É fato que nossa segregação racial é mais leve do que nos EUA. Aqui parece mesmo ter-se estruturado uma estratificação socioeconômica, mais do que puramente racial. Mas ainda assim é notória a disparidade de oportunidades, sobretudo de direitos, entre brancos e negros, por mais que uma elite cínica talvez ache que certas coisas sejam obras do acaso.

Fomos colônia escravista e monocultora importando manufaturados por quase todo nosso enredo, subjugados por ditaduras militares, absolutismos e oligarquias do latifúndio. No Brasil a “sorte” sorriu para as elites agrárias no norte, centro e nordeste e para alguns imigrantes bem sucedidos nos mais urbanizados sul e sudeste. A conta dessa história não pode jamais ser cobrada do povo, pois é o povo quem sempre sofreu e ainda sofre com o fardo da história.

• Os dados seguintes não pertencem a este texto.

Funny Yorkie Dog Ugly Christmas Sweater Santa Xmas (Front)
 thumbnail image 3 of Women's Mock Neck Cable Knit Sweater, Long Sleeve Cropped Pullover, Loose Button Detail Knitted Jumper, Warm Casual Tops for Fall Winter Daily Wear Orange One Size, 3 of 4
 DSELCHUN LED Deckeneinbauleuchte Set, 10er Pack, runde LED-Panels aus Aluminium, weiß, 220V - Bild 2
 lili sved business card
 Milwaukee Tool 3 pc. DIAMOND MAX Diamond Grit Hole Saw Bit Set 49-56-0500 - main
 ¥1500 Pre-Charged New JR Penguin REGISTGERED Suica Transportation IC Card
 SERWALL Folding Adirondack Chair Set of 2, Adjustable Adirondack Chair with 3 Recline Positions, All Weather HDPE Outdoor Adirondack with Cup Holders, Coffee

Nosso atraso em relação a outras nações é resultado de uma histórica e forte plutocracia. Durante todo o período da colônia, vice-reino, império e por maior parte da república, fomos dirigidos pelos mais ricos, por elites defendendo seus interesses. E ainda é assim, mesmo com a ascensão de um metalúrgico ao poder.

As elites controlam os meios de comunicação, como as grandes Globo, Folha, Abril, Estado e a agropecuarista Band; controlam as leis em Brasília com os direitistas PSDB, DEM, partidões disformes e incongruentes como PMDB e PSD e partidos menores que abrigam interesses pouco coletivos em ideologias muito abstratas; e controlam também os interesses do capital estrangeiro com grandes multinacionais e seus lobbies, sobretudo o fiscal.

Se a Educação no Brasil ainda é fraca, isso é decorrência da história. O ensino público, de qualidade e universal, nunca foi do interesse das elites que conduziram a grã-canoa brasileira por 5 séculos. O trabalhador teve que trabalhar, Educação é um negócio perigoso pra quem está no poder, iluminação política crítica derruba regimes e emancipa almas que se tornam conscientes de seus fados. Desse modo, foi difundida a “cultura da ignorância”, apontada por Florestan Fernandes, pela elite às massas durante nossa história.

E essa conta não pode mesmo ser debitada do povo brasileiro, sempre alheio ao seu destino político. Se hoje temos falhas, corrupção, baixos índices na Educação e Saúde, temos também um pequeno grupo a quem não confiar mais o destino da nação. O Brasil foi feito assim, por uma elite plutocrática, oligárquica, corporativista, segregacionista, clientelista, patrimonialista, exploradora e usurpadora de direitos.

Uma elite que ainda está aí, sustentada pela preguiça e má-fé políticas das classes alta e média, mais preocupadas em continuar ecoando a oca lamúria “vira-lata” em vez de assumir suas responsabilidades dentro da inescapável coletividade nacional. Fomos feitos assim.